Sup and inf in the set vs outside it

A key insight from the examples: the supremum of $S$ may or may not belong to $S$.

• $\sup S \in S$ if and only if $S$ has a maximum (greatest element).
• $\inf S \in S$ if and only if $S$ has a minimum (least element).

Every set has at most one maximum and one minimum; if either exists it equals the corresponding sup or inf. But a set can have a supremum without having a maximum — as $(a, b)$ illustrates.

The Archimedean property

A classical consequence of the least upper bound property is:

Theorem (Archimedean property). For every $x \in \mathbb{R}$, there exists $n \in \mathbb{N}$ with $n > x$.

Proof. Suppose for contradiction that some $x \in \mathbb{R}$ is an upper bound for $\mathbb{N}$. Then $\mathbb{N}$ is a non-empty bounded-above subset of $\mathbb{R}$, so by the LUB property it has a supremum $\alpha = \sup \mathbb{N}$. Since $\alpha - 1$ is not an upper bound of $\mathbb{N}$, there exists $n \in \mathbb{N}$ with $n > \alpha - 1$, i.e.\ $n + 1 > \alpha$. But $n + 1 \in \mathbb{N}$, contradicting $\alpha$ being an upper bound. $\square$

An equivalent formulation: for any $\varepsilon > 0$, there exists $n \in \mathbb{N}$ with $1/n < \varepsilon$. This is used constantly in analysis to show that quantities can be made arbitrarily small.

Useful reformulations

The following are all equivalent to $\alpha = \sup S$, and each is useful in different proofs:

• $\alpha$ is an upper bound, and for every $\varepsilon > 0$ the interval $(\alpha - \varepsilon, \alpha]$ contains a point of $S$.
• $\alpha$ is an upper bound, and there is a sequence $(s_n)$ in $S$ with $s_n \to \alpha$.
• $\alpha = \min\{M \in \mathbb{R} : M \text{ is an upper bound of } S\}$.
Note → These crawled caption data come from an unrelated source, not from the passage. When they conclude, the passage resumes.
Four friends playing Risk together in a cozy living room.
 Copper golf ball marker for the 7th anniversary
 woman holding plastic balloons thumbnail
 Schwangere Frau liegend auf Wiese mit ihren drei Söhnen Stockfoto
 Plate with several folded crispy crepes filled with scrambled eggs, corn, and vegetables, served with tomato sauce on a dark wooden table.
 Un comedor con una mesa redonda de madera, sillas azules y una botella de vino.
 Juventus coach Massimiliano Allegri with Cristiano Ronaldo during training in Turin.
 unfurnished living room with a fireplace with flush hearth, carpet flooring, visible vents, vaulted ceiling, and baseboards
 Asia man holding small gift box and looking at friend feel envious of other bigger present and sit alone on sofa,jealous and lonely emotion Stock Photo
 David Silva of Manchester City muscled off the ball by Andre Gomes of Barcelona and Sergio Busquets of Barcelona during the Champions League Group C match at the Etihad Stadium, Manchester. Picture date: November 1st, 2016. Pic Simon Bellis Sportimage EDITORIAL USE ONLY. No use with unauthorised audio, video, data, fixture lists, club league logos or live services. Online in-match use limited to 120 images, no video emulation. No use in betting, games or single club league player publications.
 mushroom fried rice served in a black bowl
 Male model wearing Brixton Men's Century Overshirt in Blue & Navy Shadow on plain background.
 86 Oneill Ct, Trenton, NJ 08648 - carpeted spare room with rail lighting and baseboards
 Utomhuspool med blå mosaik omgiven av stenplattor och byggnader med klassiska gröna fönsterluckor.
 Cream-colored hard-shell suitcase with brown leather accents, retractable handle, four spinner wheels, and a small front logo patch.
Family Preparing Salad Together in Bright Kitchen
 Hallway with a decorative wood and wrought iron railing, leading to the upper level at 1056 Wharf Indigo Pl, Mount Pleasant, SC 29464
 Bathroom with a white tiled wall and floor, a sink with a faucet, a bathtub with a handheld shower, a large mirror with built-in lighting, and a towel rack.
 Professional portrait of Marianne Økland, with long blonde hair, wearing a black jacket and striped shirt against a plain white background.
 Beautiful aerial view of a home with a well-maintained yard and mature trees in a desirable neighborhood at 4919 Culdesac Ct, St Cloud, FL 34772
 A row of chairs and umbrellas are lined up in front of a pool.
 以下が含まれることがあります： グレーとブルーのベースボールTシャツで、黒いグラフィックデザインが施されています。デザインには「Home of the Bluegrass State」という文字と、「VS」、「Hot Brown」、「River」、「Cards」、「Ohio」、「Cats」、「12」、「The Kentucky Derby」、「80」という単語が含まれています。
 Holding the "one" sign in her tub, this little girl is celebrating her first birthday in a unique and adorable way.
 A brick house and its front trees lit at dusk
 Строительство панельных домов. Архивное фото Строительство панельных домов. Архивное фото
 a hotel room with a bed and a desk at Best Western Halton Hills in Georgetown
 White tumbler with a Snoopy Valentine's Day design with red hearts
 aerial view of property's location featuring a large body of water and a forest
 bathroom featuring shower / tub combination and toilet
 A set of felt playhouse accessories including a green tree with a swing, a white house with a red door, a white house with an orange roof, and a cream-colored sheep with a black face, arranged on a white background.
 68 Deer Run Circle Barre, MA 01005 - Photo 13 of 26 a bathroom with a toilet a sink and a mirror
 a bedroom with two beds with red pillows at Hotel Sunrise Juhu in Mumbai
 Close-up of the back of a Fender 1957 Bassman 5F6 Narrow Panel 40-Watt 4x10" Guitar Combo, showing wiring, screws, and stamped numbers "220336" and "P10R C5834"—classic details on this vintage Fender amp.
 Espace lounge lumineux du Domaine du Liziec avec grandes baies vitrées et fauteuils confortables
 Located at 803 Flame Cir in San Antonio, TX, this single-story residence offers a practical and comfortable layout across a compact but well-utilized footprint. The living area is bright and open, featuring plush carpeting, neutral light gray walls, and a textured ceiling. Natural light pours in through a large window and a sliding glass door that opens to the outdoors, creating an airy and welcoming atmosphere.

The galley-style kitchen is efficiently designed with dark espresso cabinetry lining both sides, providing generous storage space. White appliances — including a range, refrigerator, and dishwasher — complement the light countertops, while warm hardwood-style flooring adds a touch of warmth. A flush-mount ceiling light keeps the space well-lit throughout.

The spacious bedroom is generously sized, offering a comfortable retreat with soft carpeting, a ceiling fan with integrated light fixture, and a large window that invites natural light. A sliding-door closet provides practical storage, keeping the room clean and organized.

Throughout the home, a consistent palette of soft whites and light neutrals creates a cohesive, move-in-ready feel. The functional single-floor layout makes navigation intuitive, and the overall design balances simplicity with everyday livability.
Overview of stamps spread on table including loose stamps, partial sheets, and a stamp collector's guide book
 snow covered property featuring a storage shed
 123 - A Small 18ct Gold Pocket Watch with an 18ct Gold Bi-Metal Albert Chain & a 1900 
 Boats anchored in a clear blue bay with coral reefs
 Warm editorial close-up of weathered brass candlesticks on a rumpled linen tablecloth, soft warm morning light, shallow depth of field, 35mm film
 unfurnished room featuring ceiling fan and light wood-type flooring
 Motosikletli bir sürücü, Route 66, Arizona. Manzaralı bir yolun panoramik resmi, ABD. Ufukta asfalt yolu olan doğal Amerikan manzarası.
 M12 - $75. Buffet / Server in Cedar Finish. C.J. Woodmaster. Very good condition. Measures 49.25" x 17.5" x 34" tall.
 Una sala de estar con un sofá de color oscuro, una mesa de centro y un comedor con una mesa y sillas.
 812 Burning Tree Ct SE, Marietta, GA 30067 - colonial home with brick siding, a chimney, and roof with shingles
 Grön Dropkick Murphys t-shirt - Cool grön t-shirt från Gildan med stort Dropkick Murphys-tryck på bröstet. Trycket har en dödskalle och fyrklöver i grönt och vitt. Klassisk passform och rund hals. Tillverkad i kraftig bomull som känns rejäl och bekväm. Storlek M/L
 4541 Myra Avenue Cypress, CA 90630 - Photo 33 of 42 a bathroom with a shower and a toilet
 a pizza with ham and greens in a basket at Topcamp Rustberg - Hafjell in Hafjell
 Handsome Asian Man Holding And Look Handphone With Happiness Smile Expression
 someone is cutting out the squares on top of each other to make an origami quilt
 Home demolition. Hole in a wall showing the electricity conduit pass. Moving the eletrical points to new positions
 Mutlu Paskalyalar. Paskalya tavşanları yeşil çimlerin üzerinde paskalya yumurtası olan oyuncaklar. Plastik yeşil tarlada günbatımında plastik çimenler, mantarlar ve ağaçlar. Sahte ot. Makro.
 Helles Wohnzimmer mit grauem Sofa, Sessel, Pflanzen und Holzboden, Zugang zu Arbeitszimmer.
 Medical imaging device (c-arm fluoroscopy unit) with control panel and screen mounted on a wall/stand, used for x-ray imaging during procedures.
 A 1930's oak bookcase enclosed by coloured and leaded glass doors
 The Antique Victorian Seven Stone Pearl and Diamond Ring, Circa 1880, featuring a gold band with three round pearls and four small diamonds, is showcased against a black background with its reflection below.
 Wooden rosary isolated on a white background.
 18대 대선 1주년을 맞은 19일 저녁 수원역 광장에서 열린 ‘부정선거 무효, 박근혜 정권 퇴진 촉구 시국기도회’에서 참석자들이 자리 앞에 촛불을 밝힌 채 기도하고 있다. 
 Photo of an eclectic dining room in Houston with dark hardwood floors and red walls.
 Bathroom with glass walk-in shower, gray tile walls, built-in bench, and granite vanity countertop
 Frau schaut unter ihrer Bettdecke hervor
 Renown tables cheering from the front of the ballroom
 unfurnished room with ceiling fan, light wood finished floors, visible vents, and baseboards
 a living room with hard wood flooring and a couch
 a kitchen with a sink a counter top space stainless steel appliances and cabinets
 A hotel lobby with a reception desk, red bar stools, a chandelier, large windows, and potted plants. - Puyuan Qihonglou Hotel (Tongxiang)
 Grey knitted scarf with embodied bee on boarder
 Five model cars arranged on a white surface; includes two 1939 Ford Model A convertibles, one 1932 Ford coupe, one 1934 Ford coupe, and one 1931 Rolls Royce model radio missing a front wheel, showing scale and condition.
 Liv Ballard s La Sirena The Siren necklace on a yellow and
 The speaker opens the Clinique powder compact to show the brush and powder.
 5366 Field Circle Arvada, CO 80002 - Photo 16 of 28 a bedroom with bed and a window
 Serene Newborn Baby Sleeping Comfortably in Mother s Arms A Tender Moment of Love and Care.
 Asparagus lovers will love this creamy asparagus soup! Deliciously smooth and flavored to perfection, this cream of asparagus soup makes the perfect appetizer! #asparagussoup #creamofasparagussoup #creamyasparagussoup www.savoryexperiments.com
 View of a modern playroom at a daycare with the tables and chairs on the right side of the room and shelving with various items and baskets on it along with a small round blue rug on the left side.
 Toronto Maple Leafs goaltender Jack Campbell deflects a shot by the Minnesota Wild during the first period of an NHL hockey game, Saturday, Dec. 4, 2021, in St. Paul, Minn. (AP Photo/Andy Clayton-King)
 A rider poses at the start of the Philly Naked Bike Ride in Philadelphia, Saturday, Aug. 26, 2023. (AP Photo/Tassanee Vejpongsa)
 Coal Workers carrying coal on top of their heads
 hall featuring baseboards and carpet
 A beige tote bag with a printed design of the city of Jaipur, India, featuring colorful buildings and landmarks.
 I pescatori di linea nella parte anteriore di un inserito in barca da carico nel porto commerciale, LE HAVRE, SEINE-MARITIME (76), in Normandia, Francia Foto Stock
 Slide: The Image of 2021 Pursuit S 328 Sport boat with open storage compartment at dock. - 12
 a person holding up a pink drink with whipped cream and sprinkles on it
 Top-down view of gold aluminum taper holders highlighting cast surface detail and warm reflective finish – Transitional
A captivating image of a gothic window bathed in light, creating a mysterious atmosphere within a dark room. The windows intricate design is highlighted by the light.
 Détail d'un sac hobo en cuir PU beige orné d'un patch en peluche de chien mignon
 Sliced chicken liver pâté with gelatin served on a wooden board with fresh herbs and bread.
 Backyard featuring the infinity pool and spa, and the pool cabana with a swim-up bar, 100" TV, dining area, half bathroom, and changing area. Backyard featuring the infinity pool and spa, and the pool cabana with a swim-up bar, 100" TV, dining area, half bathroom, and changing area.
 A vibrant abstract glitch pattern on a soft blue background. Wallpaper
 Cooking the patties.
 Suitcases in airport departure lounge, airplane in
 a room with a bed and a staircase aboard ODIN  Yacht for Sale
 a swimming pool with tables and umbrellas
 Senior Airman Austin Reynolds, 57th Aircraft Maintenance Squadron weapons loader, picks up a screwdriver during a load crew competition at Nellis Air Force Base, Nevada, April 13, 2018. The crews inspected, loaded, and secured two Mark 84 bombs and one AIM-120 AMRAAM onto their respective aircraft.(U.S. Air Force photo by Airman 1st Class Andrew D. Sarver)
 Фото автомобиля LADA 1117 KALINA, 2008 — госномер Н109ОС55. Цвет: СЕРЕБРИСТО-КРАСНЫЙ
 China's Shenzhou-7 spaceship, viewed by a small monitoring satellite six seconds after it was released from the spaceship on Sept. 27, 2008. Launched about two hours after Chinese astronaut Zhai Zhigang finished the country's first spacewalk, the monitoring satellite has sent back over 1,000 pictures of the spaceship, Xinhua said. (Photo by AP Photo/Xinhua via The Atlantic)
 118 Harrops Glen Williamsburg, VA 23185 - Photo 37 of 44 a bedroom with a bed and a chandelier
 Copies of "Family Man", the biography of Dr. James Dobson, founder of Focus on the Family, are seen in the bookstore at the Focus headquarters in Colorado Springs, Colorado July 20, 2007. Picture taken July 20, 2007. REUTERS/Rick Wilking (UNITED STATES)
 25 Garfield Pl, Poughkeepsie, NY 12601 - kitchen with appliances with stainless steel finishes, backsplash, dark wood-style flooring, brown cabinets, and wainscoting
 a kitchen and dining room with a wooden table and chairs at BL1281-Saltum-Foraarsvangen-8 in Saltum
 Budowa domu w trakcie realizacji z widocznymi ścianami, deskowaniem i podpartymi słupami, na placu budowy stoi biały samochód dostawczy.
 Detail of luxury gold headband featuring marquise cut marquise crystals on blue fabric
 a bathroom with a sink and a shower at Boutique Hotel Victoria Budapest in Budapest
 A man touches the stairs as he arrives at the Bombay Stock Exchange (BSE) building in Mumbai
The second reformulation — a sequence in $S$ converging to the supremum — is often the most useful in proofs, connecting the sup/inf language back to sequences and limits.

Summary

• An upper bound of $S$ satisfies $s \leq M$ for all $s \in S$; a lower bound satisfies $m \leq s$ for all $s \in S$.
• The supremum $\sup S$ is the least upper bound; the infimum $\inf S$ is the greatest lower bound. Both are unique when they exist.
• The characterisation: $\alpha = \sup S$ iff $\alpha$ is an upper bound and for every $\varepsilon > 0$ some $s \in S$ satisfies $s > \alpha - \varepsilon$.
• The least upper bound property: every non-empty $S \subseteq \mathbb{R}$ bounded above has $\sup S \in \mathbb{R}$. This is equivalent to the completeness of $\mathbb{R}$.
• The supremum may or may not lie in $S$: $\sup S \in S$ iff $S$ has a maximum.
• The Archimedean property follows: for any $x \in \mathbb{R}$ there exists $n \in \mathbb{N}$ with $n > x$, so $\mathbb{N}$ is unbounded above and $1/n$ can be made arbitrarily small.